Better Budgeting: Better Budgeting, also known as advanced budgeting, intends to increase the efficiency of the traditional budgeting approach, mainly by streamlining budgetary processes through market orientation and optimization. Therewith better budgeting aims for a more flexible and less resource-consuming design of budgeting. The designing elements of a better budgeting approach are:[15]

  • coordination through budgets: adapt the coordination of traditional budgeting for increasing complexity and dynamics
  • decentralization: increase the flexibility of the budgetary process by a decentralized authority
  • focus and criticality: reduce the level of detailed budgets and thereby increase the speed of forecasting
  • analytical planning from baseline: no longer based on the previous year's effective figures
  • strategy orientation: establish a strong link to strategic planning
  • rolling forecasts: follow the changing market conditions by not restricting the planning to the financial reporting requirements
  • self-control: foster focus on materiality through self-control of the respective budget responsible
  • reduction of dysfunctional effects: avoid dysfunctional effects, such as budget buffers, by not leading people based on budgets
  • stronger support of the planning process with adequate tools: achieve cost effectiveness by using planning applications.

Besides tailored approaches, Damian Markus Slebioda names zero-based budgeting and activity-based budgeting to be two examples of better budgeting approaches.[16]

Kaizen Budgeting: Budgeting approach that explicitly incorporates continuous improvements during the budget period into the resultant budget numbers.[17]

Methodology

Conditional budgeting derives many ideas from multiple budgeting approaches, however, it is unique in the way how it combines budgeting and analysis of the current status, and then releases expenses (while other budgeting approaches compare variances between actual and budget).
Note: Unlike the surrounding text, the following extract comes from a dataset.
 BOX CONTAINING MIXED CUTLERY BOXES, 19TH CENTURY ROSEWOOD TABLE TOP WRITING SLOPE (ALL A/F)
The budget becomes a process for everyone to agree on income probability and expense priority. It no longer defines a certain level of expenses; rather, it is a process for an organization to agree on what income and earning level to release what amount of expenses and resources.

The budgeting approaches that served as the foundation for conditional budgeting include traditional budgeting, zero-based budgeting, better budgeting, and beyond budgeting. While building on the strengths of these approaches, conditional budgeting avoids the disadvantages of these approaches for organizations or in times of unstable income streams. The two main benefits are:

  1. Expenses are budgeted according to priority level and in correlation with income and cash flow. In the effective year, expenses are only released based on the corresponding positive income and cash situation.
  2. During the effective year, the ongoing analysis does not explain deviations, the analysis rather focuses on defining the appropriate point in time when to release the conditionally pre-agreed expenses.

Planning objective

While any budget approach aims to think through different future scenarios and the respective reactions of the company regarding capacity and resources, different approaches set different priorities regarding other aspects, e.g. how flexibly resources shall be adapted to changing market conditions or who shall be entitled to define targets.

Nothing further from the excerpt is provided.